Data provided:
━━━━━━━━

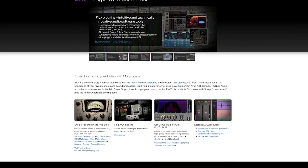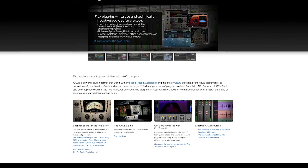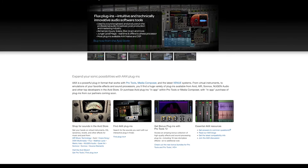Continuing down the list, we've got AAX, which stands for Avid Audio Extension, and it runs exclusively on Pro Tools. So if you don't use Pro Tools, you probably never will need to worry about installing this one. That said, if there's a chance you might use Pro Tools in the future — if you're more of an engineer than a producer — I would definitely recommend installing the AAX version so you don't have to go back and do it. It doesn't really take up that much space anyway.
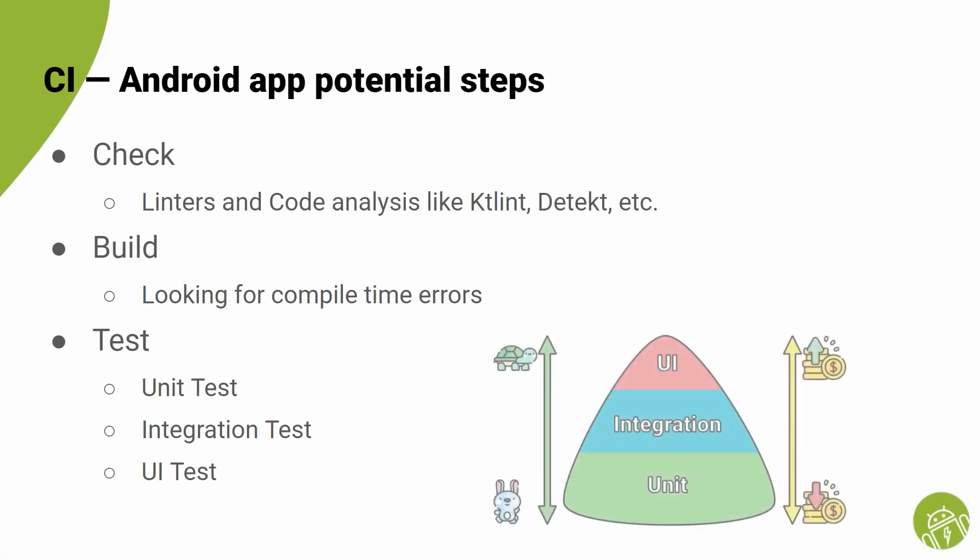Based on the test pyramid concept, the biggest portion of tests should be unit tests because they are fast and therefore cheap. And then integration tests, which are about testing how multiple parts of app integrate and work properly with each other. And in the end, UI tests, which as we all know, are the most expensive and slow tests.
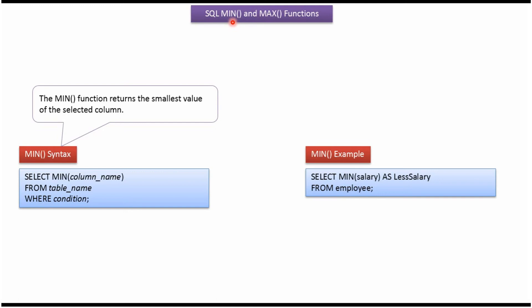This video tutorial will explain SQL MIN function and SQL MAX function. Here you can see the syntax of MIN function. MIN function returns the smallest value of the selected column.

━━━━━━━━

Problem: If you see a picture in the listing, skip it while copying everything else exactly.

Expected output:
Continuing down the list, we've got AAX, which stands for Avid Audio Extension, and it runs exclusively on Pro Tools. So if you don't use Pro Tools, you probably never will need to worry about installing this one. That said, if there's a chance you might use Pro Tools in the future — if you're more of an engineer than a producer — I would definitely recommend installing the AAX version so you don't have to go back and do it. It doesn't really take up that much space anyway.
Based on the test pyramid concept, the biggest portion of tests should be unit tests because they are fast and therefore cheap. And then integration tests, which are about testing how multiple parts of app integrate and work properly with each other. And in the end, UI tests, which as we all know, are the most expensive and slow tests.
This video tutorial will explain SQL MIN function and SQL MAX function. Here you can see the syntax of MIN function. MIN function returns the smallest value of the selected column.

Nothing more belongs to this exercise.